A jump in ratings on the competitive sourcing portion of the Office of Management and Budget's latest traffic-light scorecard likely reflects real headway on the initiative, rather than political maneuvering, according to several analysts.

The effort to put federal jobs up for competition with private firms has become the most politically contentious part of the president's five-part management agenda. Federal employee unions and some lawmakers have attacked the initiative as simply a way to privatize government jobs. Opponents have nibbled away at OMB's guidelines for running A-76 job competitions in language attached to fiscal 2004 spending bills.

The administration is "sensitive to the risks" of having competitive sourcing seen as part of a political agenda, rather than an attempt at improving government management, said Donald Kettl, a professor of public affairs and political science at the University of Wisconsin-Madison. But at the same time, OMB officials strongly believe in the initiative, and developed the quarterly traffic-light scorecard as a means to measure results, he said.

"They really are trying to use this as a stick to move agencies in the direction they want to go," Kettl said.

Nearly half of federal agencies evaluated on OMB's scorecard for the last quarter of fiscal 2003 earned yellow ratings for competitive sourcing, a notable contrast from six months ago, when all agencies received red marks in that area.

Higher grades on competitive sourcing reflect a change in the criteria for earning a yellow light, an OMB official said after the scorecard was released in early November. OMB previously pushed most agencies to work toward competing 15 percent of positions designated as "commercial in nature" in order to earn a yellow rating. In July, OMB announced it would eliminate the uniform 15 percent target and establish specific goals for each agency.

Under the revised criteria, agencies receive a yellow light if they reach their individual, OMB-approved target. Over the past two quarters, they must also have finished 75 percent of all streamlined competitions-those where fewer than 65 full-time equivalent jobs are at stake-within a 90-day timeframe and have followed through on at least 80 percent of publicly announced competitions.

OMB lowered the bar for achieving a yellow light because the previous standards for competitive sourcing were "unreasonably high," said John Kamensky, director of the Managing for Results Practice at IBM Business Consulting Services. Most civilian agencies could not come close to earning a green light, he said.

The new standards for competitive sourcing are simply a way of giving agencies more realistic goals, so they don't become discouraged with the entire initiative, Kamensky said. Previously there was an "enormous amount of activity" in competitive sourcing that was not reflected on the scorecard, he said.
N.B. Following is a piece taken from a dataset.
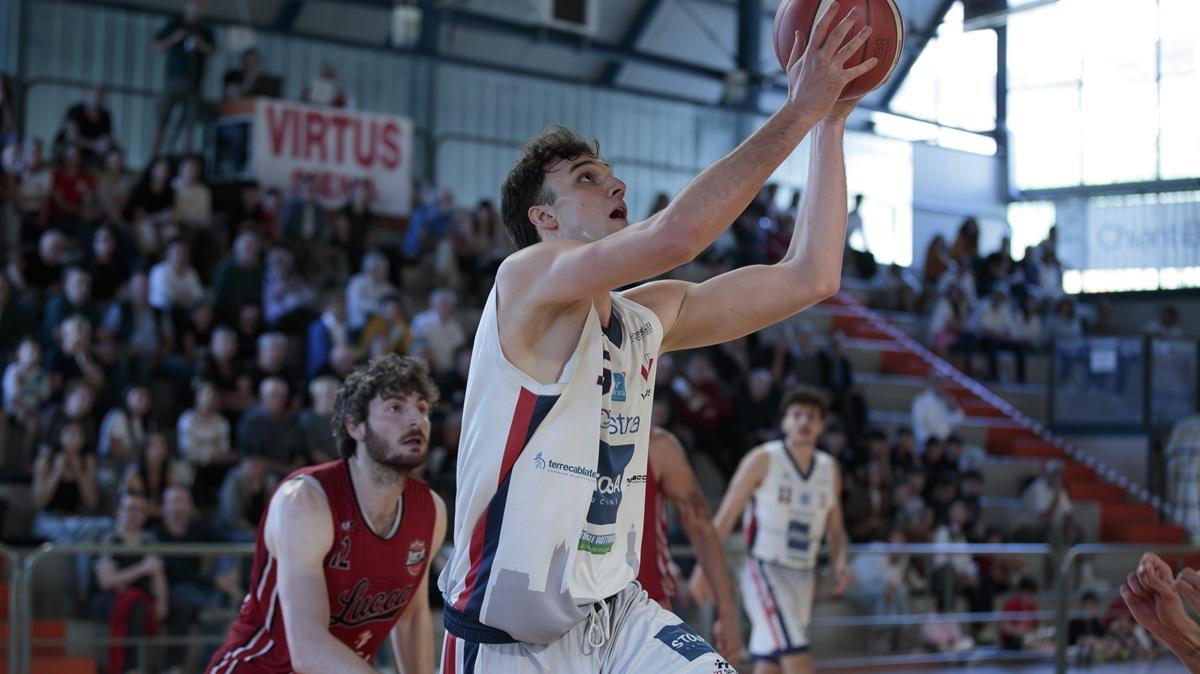 Serie B - Basketball Club Lucca beffa la Virtus Siena nel finale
The upcoming presidential election might give OMB an incentive to show progress, Kettl said. But government management is not usually a big factor in elections to begin with, he added. "It's hard to stir up the public on issues of management reform," he said.
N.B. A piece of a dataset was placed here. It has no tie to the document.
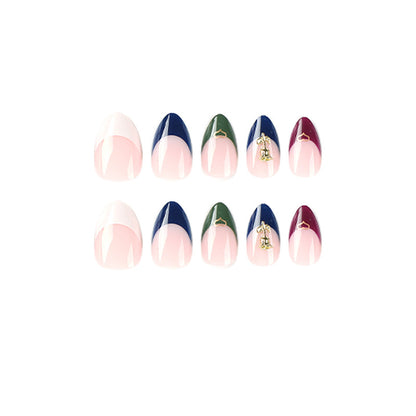 Kunstvolle Nagelspitzen mit Glamourösen Akzenten Brehn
Ratings on the scorecard are not the most meaningful way of demonstrating management results in the first place, said Paul Light, a senior fellow at the Brookings Institution.

"The key question isn't whether lights are green on progress, but how many years of progress will actually produce gains in the core capacity of agencies to faithfully execute the laws," he said.

"I have no doubt that some of the progress is real," Light added. "But M.B.A. presidents and their M.B.A. management chiefs know that progress takes time."